NHKの『どうする家康』が史実を思いっきり捻じ曲げて展開していることは、もうとやかく言うつもりはありません。そもそもドラマなのですから、ある程度の脚色はありだと思っていますし、それで面白ければ良いのですが、これがまた史実から離れれば離れるほど面白くありません。もっとも面白いとか面白くないというのは主観なので、これが面白い人もいるでしょうし、それもとやかう言うことではないのでしょう。とにかくNHKは何とかして新しい風味の大河ドラマを作って、従来の大河ファンを切り捨ててでも若い視聴者に受けようとしているということだけはわかります。
ただ近年懸命に若者ぶっている紅白歌合戦もそうですが、そもそも若い世代はテレビを見ませんし、とりわけ大河だとか紅白だとかは年寄り向けのコンテンツだと思っていますから最初から見向きもされません。なのに人口的に一番多い年配層を切り捨てて、ボリュームが少なくニーズもない若年層を振り向かせようなんて、コスパが悪い上に電波の無駄遣いです。NHKが若者に見てもらいたいなら、もっと別のアイデアでやった方が良いでしょう。
それはともかくとして『どうする家康』で気になるのは岡田信長と松本家康のBL風味の演出です。戦国時代は男色も普通のことですから、それを描くこと自体を否定する気は毛頭ありませんが、信長と家康がそういう関係だったとは思えないし、設定だけではなく演出もかなり無理があります。また20年前ならともかく、今や中年になった岡田と松本では絵としてもきつくなってきています。

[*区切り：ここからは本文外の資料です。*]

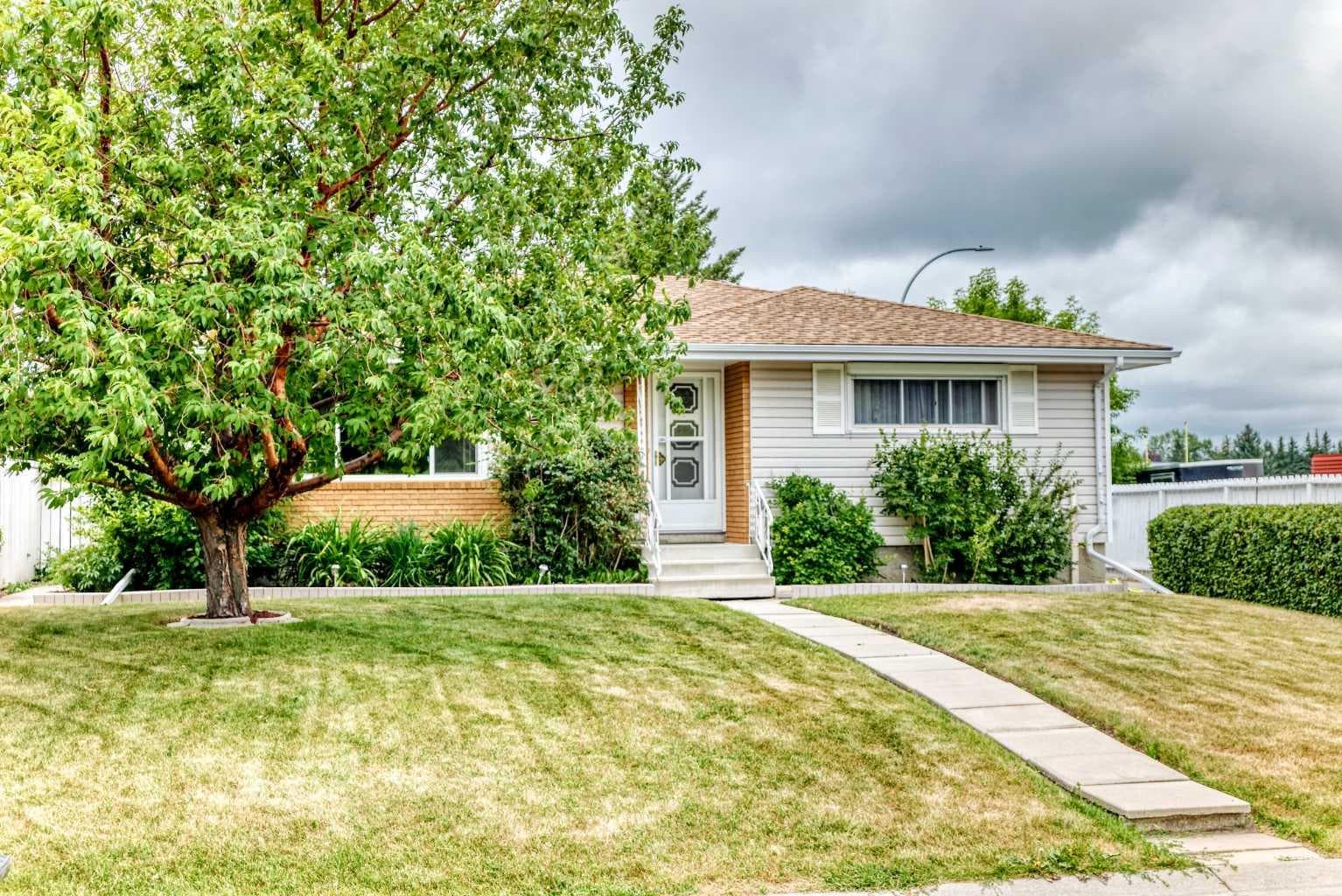 1 Cochrane Crescent 
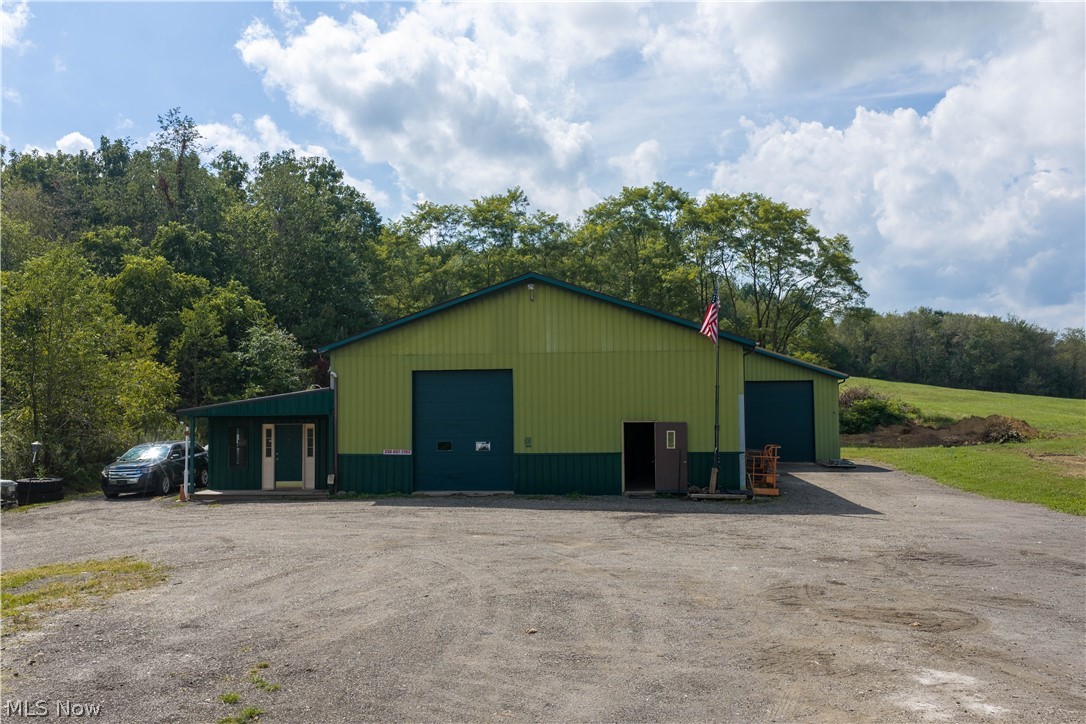 4111 Canton Road NW Carrollton OH 44615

さらに言えばジャニーズの性加害問題がこれだけ取り上げられている最中に、ジャニーズ事務所を代表するクラスの俳優2人にこうした演技をさせること自体、どういうメッセージを送りたいのかと気になります。NHKはジャニーズの性加害問題なんて全く気にしていないから、応援のために敢えてこういう演出をしているんだと表明しているのでしょうか?そんなこと何も考えずに、単純に岡田と松本でBLをやったら腐女子に受けそうだからやってるだけだとしたら、ちょっと志が低くて下衆過ぎます。渦中のジャニーズの俳優たちを守るためにも、もう少し慎重に表現を選んだ方が良かったのではないでしょうか。